DATASET RECORDS:
* * * * * * *
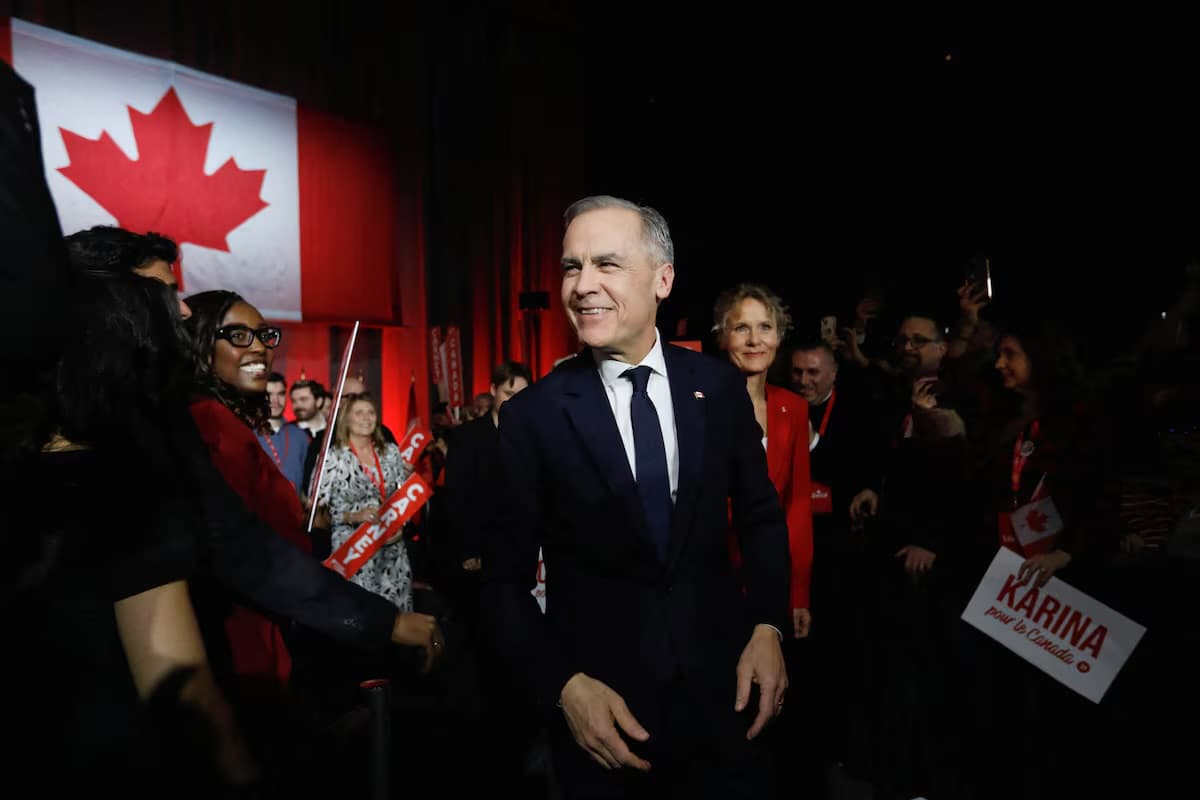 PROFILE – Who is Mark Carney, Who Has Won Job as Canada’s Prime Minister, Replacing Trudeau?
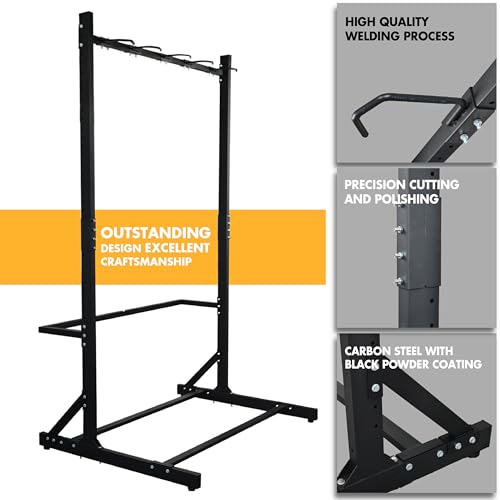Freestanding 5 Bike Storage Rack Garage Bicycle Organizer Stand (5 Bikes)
* * * * * * *
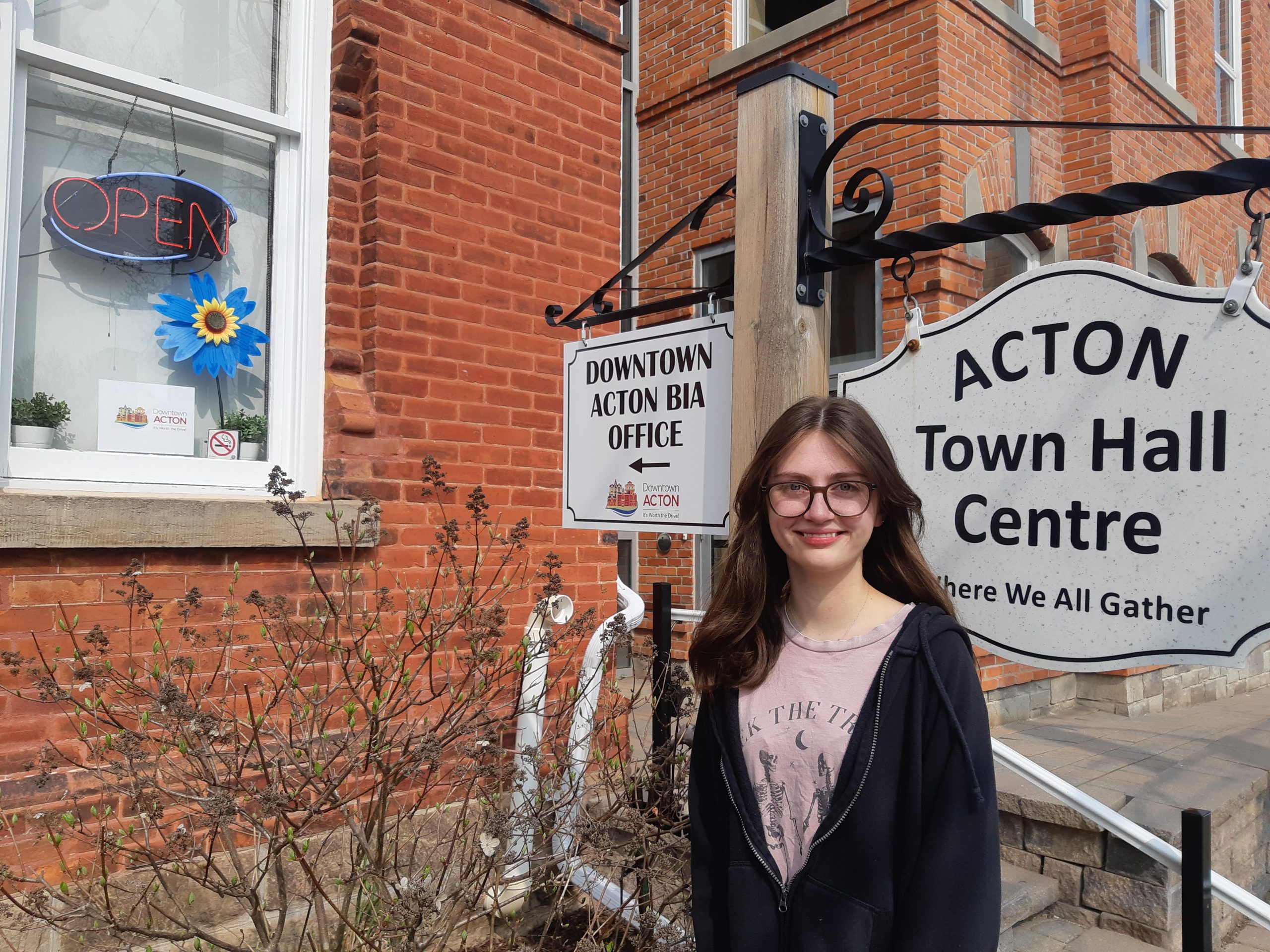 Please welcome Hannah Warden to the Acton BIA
* * * * * * *
EXERCISE AIM: Would you copy the lines above exactly, starting with the one that has "PROFILE – Who" and ending with the one that has "Freestanding 5 Bike", both included, without the pictures?

EXERCISE RESULT:
 PROFILE – Who is Mark Carney, Who Has Won Job as Canada’s Prime Minister, Replacing Trudeau?
Freestanding 5 Bike Storage Rack Garage Bicycle Organizer Stand (5 Bikes)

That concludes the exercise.